WORK TO COMPLETE – For the material below, output exactly the span from the line with "Photo 7 of this FORD SHELBY GT500" to the line with "18k金车花镭射四叶草配件（小）【QL06370】", including both, and nothing besides.
'''
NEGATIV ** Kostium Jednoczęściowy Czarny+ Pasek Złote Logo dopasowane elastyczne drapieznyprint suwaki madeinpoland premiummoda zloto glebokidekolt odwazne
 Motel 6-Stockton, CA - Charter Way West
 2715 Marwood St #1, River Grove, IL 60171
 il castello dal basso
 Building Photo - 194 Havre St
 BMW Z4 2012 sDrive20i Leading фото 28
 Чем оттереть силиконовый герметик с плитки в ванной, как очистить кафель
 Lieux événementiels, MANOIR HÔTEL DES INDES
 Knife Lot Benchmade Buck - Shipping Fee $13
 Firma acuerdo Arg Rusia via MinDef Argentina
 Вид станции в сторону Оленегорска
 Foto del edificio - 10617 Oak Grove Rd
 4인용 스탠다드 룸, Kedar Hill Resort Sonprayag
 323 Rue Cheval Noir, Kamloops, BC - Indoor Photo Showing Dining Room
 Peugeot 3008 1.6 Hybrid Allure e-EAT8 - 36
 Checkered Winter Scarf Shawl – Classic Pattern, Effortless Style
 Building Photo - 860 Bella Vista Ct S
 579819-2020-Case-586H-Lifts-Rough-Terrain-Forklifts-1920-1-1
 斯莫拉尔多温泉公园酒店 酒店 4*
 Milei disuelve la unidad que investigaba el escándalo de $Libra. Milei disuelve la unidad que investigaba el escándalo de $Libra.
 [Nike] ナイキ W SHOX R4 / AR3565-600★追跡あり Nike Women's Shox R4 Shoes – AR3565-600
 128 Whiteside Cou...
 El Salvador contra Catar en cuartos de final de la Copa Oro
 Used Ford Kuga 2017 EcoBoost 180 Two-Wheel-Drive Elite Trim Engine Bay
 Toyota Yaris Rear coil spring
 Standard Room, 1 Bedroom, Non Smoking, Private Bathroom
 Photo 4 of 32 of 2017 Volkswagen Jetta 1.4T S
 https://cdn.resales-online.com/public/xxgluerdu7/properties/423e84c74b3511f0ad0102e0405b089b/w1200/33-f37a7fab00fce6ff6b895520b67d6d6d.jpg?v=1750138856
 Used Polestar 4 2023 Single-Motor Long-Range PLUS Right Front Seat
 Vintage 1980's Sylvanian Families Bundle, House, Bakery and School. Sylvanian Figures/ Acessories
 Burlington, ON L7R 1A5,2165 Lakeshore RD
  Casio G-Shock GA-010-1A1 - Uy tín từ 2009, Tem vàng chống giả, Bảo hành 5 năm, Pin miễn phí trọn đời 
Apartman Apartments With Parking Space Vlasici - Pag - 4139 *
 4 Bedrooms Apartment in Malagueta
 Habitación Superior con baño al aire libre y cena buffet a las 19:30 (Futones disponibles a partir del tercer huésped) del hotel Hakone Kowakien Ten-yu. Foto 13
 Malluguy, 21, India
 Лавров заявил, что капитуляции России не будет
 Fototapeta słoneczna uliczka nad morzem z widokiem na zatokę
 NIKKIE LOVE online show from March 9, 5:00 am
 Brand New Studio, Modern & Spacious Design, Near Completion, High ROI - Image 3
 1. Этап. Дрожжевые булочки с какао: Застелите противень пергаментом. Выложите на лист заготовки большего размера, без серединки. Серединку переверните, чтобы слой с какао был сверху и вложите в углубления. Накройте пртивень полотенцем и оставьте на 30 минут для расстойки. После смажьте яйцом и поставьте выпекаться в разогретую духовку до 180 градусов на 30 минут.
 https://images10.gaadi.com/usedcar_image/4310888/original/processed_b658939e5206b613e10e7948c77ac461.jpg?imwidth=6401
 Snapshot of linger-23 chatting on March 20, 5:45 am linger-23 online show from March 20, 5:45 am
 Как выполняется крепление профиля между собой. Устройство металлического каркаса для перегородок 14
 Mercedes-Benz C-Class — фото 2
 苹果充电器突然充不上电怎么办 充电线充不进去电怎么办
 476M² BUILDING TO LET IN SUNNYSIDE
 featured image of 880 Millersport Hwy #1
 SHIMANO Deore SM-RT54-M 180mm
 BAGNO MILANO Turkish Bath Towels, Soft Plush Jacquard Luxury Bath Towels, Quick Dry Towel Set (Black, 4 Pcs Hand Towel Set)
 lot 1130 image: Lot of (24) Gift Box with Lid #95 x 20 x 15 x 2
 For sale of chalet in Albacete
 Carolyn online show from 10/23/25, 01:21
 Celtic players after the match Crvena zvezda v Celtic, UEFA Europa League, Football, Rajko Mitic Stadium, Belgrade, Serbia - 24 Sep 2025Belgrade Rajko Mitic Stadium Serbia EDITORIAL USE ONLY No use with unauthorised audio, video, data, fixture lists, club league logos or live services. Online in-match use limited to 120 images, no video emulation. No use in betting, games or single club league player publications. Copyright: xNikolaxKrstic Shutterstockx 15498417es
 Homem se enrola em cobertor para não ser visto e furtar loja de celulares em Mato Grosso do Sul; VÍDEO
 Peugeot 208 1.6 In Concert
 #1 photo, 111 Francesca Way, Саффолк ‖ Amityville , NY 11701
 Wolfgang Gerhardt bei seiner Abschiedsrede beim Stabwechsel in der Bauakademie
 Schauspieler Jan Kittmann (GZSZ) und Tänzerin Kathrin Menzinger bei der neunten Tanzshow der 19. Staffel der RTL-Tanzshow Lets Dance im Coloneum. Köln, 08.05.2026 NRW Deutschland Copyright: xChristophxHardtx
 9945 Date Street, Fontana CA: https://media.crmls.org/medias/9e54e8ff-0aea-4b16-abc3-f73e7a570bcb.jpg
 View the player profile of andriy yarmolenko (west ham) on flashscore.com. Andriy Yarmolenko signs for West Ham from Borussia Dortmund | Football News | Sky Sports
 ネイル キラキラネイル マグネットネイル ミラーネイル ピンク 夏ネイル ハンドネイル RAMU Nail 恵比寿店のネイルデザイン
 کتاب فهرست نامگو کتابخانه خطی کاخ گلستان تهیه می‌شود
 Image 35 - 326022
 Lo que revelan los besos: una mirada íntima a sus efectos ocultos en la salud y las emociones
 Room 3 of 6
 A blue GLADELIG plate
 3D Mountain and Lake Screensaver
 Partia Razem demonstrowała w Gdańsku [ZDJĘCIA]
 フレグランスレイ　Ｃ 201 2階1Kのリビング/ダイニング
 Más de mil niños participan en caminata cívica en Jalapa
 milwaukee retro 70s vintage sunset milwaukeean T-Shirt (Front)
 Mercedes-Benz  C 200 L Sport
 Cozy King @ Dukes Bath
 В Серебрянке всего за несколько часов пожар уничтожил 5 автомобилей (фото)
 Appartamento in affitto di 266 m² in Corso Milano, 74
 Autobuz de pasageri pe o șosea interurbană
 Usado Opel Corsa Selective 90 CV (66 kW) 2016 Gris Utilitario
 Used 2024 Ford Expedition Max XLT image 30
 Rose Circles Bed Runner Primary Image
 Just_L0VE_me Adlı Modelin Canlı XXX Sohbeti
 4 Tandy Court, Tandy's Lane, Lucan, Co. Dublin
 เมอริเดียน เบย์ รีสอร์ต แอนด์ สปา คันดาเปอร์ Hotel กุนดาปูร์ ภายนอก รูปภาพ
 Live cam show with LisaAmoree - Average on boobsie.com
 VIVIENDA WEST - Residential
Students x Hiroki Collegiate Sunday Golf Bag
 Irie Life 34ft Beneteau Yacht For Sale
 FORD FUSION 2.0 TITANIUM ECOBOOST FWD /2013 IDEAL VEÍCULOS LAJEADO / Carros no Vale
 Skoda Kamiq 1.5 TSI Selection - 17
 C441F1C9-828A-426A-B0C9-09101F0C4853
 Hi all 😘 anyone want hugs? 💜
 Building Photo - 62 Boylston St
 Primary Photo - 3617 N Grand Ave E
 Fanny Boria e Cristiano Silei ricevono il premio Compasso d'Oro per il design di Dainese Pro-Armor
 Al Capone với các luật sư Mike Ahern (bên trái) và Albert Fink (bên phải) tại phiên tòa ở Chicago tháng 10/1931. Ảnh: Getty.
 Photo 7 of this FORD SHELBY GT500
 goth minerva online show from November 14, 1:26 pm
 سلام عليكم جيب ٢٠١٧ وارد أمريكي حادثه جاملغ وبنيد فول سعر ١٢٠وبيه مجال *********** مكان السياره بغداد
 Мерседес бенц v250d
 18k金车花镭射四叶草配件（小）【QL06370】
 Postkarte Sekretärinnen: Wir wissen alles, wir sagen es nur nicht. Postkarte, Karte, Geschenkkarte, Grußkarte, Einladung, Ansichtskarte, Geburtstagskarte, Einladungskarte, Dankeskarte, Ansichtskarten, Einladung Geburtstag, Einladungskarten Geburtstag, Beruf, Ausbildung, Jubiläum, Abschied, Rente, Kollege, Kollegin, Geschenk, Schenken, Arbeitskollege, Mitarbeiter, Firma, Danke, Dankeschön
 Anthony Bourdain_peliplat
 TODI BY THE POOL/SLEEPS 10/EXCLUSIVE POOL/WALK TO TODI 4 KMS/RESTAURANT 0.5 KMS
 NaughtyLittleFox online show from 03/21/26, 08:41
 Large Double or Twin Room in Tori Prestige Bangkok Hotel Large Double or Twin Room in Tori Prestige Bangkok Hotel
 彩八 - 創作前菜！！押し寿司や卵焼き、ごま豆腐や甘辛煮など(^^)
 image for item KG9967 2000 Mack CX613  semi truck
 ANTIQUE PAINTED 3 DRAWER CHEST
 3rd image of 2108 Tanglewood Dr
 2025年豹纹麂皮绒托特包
'''
ANSWER FOR THIS EXERCISE –
 Photo 7 of this FORD SHELBY GT500
 goth minerva online show from November 14, 1:26 pm
 سلام عليكم جيب ٢٠١٧ وارد أمريكي حادثه جاملغ وبنيد فول سعر ١٢٠وبيه مجال *********** مكان السياره بغداد
 Мерседес бенц v250d
 18k金车花镭射四叶草配件（小）【QL06370】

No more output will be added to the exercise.